* WHAT NEEDS TO BE DONE *
Once the records below have been read, copy them all out exactly.

-------------------------

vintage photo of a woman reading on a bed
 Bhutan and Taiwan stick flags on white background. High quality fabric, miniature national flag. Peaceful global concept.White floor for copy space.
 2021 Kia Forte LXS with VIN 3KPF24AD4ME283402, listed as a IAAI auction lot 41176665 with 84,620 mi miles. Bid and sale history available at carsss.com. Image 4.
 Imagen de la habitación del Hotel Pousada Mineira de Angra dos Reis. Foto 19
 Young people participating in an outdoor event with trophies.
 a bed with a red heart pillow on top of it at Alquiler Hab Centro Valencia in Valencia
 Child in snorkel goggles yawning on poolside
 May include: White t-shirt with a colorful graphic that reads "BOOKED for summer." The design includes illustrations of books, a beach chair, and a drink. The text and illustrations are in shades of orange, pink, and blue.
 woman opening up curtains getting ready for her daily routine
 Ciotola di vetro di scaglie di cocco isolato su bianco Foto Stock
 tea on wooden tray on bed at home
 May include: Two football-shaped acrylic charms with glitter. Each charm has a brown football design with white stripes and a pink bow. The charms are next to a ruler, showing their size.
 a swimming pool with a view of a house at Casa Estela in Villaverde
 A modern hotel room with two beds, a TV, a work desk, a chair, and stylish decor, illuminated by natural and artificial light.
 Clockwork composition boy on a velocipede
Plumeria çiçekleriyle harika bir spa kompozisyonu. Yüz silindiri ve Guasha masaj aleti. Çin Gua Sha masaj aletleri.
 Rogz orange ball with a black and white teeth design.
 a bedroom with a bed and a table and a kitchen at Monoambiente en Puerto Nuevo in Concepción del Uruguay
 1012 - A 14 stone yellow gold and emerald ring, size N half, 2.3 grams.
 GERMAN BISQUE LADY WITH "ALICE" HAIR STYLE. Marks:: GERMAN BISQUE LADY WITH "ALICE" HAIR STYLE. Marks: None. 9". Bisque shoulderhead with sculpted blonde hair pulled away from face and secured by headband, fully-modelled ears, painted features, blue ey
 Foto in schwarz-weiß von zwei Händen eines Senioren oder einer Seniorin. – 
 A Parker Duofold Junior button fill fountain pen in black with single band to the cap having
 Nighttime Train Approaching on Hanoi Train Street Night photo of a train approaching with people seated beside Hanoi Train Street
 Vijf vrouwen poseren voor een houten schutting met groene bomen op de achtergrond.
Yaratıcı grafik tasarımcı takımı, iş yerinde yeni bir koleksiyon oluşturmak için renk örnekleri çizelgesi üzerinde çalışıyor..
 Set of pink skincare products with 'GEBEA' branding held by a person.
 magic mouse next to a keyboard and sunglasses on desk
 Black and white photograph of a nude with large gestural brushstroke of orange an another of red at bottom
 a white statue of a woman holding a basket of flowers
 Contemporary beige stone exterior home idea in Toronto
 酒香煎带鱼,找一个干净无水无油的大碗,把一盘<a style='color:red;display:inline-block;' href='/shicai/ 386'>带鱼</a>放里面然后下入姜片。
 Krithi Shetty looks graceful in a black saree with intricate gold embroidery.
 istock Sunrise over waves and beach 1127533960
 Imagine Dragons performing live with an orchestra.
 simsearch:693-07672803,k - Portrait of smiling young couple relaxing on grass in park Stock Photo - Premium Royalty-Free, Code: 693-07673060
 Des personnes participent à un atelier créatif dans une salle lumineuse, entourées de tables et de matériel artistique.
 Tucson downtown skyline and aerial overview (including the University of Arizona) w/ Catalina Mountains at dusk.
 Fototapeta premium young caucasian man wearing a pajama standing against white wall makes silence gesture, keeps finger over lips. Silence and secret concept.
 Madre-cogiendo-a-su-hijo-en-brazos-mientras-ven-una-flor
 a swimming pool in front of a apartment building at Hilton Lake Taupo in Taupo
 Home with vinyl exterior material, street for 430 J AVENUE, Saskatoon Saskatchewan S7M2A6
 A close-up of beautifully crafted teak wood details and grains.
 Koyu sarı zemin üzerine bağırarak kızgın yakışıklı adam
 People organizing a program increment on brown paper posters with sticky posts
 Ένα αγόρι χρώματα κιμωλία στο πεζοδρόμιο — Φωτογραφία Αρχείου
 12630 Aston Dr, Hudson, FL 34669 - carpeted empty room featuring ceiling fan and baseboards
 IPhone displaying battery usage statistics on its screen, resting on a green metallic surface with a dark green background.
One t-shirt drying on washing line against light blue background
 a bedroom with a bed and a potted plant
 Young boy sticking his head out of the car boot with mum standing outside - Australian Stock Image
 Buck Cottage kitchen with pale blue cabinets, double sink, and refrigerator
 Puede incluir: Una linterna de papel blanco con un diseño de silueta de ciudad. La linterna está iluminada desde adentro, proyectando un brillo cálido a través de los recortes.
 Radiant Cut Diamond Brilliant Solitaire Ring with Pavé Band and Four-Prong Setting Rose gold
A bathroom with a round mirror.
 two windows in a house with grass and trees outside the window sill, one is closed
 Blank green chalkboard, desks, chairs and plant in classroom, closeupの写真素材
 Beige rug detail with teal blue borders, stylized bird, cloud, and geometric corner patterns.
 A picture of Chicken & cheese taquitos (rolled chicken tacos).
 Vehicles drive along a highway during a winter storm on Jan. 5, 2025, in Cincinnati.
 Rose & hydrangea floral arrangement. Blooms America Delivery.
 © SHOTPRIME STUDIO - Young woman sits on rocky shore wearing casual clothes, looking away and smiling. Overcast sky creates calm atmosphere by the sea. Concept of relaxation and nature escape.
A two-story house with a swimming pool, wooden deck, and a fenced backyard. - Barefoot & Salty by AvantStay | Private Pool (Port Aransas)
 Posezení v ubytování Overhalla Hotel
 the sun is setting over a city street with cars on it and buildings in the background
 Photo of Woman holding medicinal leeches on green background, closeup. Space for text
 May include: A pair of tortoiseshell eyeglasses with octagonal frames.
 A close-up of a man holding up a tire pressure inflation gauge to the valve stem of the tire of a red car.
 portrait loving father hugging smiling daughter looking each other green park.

-------------------------

* WORKED SOLUTION *
vintage photo of a woman reading on a bed
 Bhutan and Taiwan stick flags on white background. High quality fabric, miniature national flag. Peaceful global concept.White floor for copy space.
 2021 Kia Forte LXS with VIN 3KPF24AD4ME283402, listed as a IAAI auction lot 41176665 with 84,620 mi miles. Bid and sale history available at carsss.com. Image 4.
 Imagen de la habitación del Hotel Pousada Mineira de Angra dos Reis. Foto 19
 Young people participating in an outdoor event with trophies.
 a bed with a red heart pillow on top of it at Alquiler Hab Centro Valencia in Valencia
 Child in snorkel goggles yawning on poolside
 May include: White t-shirt with a colorful graphic that reads "BOOKED for summer." The design includes illustrations of books, a beach chair, and a drink. The text and illustrations are in shades of orange, pink, and blue.
 woman opening up curtains getting ready for her daily routine
 Ciotola di vetro di scaglie di cocco isolato su bianco Foto Stock
 tea on wooden tray on bed at home
 May include: Two football-shaped acrylic charms with glitter. Each charm has a brown football design with white stripes and a pink bow. The charms are next to a ruler, showing their size.
 a swimming pool with a view of a house at Casa Estela in Villaverde
 A modern hotel room with two beds, a TV, a work desk, a chair, and stylish decor, illuminated by natural and artificial light.
 Clockwork composition boy on a velocipede
Plumeria çiçekleriyle harika bir spa kompozisyonu. Yüz silindiri ve Guasha masaj aleti. Çin Gua Sha masaj aletleri.
 Rogz orange ball with a black and white teeth design.
 a bedroom with a bed and a table and a kitchen at Monoambiente en Puerto Nuevo in Concepción del Uruguay
 1012 - A 14 stone yellow gold and emerald ring, size N half, 2.3 grams.
 GERMAN BISQUE LADY WITH "ALICE" HAIR STYLE. Marks:: GERMAN BISQUE LADY WITH "ALICE" HAIR STYLE. Marks: None. 9". Bisque shoulderhead with sculpted blonde hair pulled away from face and secured by headband, fully-modelled ears, painted features, blue ey
 Foto in schwarz-weiß von zwei Händen eines Senioren oder einer Seniorin. – 
 A Parker Duofold Junior button fill fountain pen in black with single band to the cap having
 Nighttime Train Approaching on Hanoi Train Street Night photo of a train approaching with people seated beside Hanoi Train Street
 Vijf vrouwen poseren voor een houten schutting met groene bomen op de achtergrond.
Yaratıcı grafik tasarımcı takımı, iş yerinde yeni bir koleksiyon oluşturmak için renk örnekleri çizelgesi üzerinde çalışıyor..
 Set of pink skincare products with 'GEBEA' branding held by a person.
 magic mouse next to a keyboard and sunglasses on desk
 Black and white photograph of a nude with large gestural brushstroke of orange an another of red at bottom
 a white statue of a woman holding a basket of flowers
 Contemporary beige stone exterior home idea in Toronto
 酒香煎带鱼,找一个干净无水无油的大碗,把一盘<a style='color:red;display:inline-block;' href='/shicai/ 386'>带鱼</a>放里面然后下入姜片。
 Krithi Shetty looks graceful in a black saree with intricate gold embroidery.
 istock Sunrise over waves and beach 1127533960
 Imagine Dragons performing live with an orchestra.
 simsearch:693-07672803,k - Portrait of smiling young couple relaxing on grass in park Stock Photo - Premium Royalty-Free, Code: 693-07673060
 Des personnes participent à un atelier créatif dans une salle lumineuse, entourées de tables et de matériel artistique.
 Tucson downtown skyline and aerial overview (including the University of Arizona) w/ Catalina Mountains at dusk.
 Fototapeta premium young caucasian man wearing a pajama standing against white wall makes silence gesture, keeps finger over lips. Silence and secret concept.
 Madre-cogiendo-a-su-hijo-en-brazos-mientras-ven-una-flor
 a swimming pool in front of a apartment building at Hilton Lake Taupo in Taupo
 Home with vinyl exterior material, street for 430 J AVENUE, Saskatoon Saskatchewan S7M2A6
 A close-up of beautifully crafted teak wood details and grains.
 Koyu sarı zemin üzerine bağırarak kızgın yakışıklı adam
 People organizing a program increment on brown paper posters with sticky posts
 Ένα αγόρι χρώματα κιμωλία στο πεζοδρόμιο — Φωτογραφία Αρχείου
 12630 Aston Dr, Hudson, FL 34669 - carpeted empty room featuring ceiling fan and baseboards
 IPhone displaying battery usage statistics on its screen, resting on a green metallic surface with a dark green background.
One t-shirt drying on washing line against light blue background
 a bedroom with a bed and a potted plant
 Young boy sticking his head out of the car boot with mum standing outside - Australian Stock Image
 Buck Cottage kitchen with pale blue cabinets, double sink, and refrigerator
 Puede incluir: Una linterna de papel blanco con un diseño de silueta de ciudad. La linterna está iluminada desde adentro, proyectando un brillo cálido a través de los recortes.
 Radiant Cut Diamond Brilliant Solitaire Ring with Pavé Band and Four-Prong Setting Rose gold
A bathroom with a round mirror.
 two windows in a house with grass and trees outside the window sill, one is closed
 Blank green chalkboard, desks, chairs and plant in classroom, closeupの写真素材
 Beige rug detail with teal blue borders, stylized bird, cloud, and geometric corner patterns.
 A picture of Chicken & cheese taquitos (rolled chicken tacos).
 Vehicles drive along a highway during a winter storm on Jan. 5, 2025, in Cincinnati.
 Rose & hydrangea floral arrangement. Blooms America Delivery.
 © SHOTPRIME STUDIO - Young woman sits on rocky shore wearing casual clothes, looking away and smiling. Overcast sky creates calm atmosphere by the sea. Concept of relaxation and nature escape.
A two-story house with a swimming pool, wooden deck, and a fenced backyard. - Barefoot & Salty by AvantStay | Private Pool (Port Aransas)
 Posezení v ubytování Overhalla Hotel
 the sun is setting over a city street with cars on it and buildings in the background
 Photo of Woman holding medicinal leeches on green background, closeup. Space for text
 May include: A pair of tortoiseshell eyeglasses with octagonal frames.
 A close-up of a man holding up a tire pressure inflation gauge to the valve stem of the tire of a red car.
 portrait loving father hugging smiling daughter looking each other green park.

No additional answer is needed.